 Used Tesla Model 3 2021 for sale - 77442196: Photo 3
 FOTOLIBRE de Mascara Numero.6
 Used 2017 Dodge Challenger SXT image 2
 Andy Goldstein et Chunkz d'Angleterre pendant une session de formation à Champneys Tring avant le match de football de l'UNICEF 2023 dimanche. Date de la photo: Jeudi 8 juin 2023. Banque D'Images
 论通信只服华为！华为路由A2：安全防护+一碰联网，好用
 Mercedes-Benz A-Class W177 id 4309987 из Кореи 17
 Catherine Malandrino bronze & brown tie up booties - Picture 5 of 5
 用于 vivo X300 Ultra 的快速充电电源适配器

================================

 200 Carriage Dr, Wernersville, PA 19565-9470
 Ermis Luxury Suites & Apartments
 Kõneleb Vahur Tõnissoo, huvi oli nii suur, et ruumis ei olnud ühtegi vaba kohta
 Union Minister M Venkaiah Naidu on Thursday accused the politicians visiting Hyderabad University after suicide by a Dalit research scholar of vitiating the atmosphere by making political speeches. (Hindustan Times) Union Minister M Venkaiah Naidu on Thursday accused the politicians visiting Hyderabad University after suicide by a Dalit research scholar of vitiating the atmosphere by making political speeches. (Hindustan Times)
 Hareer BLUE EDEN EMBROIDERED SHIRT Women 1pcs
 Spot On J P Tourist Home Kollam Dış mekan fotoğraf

================================

▶ [Activity]
Would you please write out, exactly and with no other lines, the stretch of the listing above from the line containing "Kõneleb Vahur Tõnissoo, huvi" through the line containing "Spot On J P"?

▶ [Written solution]
 Kõneleb Vahur Tõnissoo, huvi oli nii suur, et ruumis ei olnud ühtegi vaba kohta
 Union Minister M Venkaiah Naidu on Thursday accused the politicians visiting Hyderabad University after suicide by a Dalit research scholar of vitiating the atmosphere by making political speeches. (Hindustan Times) Union Minister M Venkaiah Naidu on Thursday accused the politicians visiting Hyderabad University after suicide by a Dalit research scholar of vitiating the atmosphere by making political speeches. (Hindustan Times)
 Hareer BLUE EDEN EMBROIDERED SHIRT Women 1pcs
 Spot On J P Tourist Home Kollam Dış mekan fotoğraf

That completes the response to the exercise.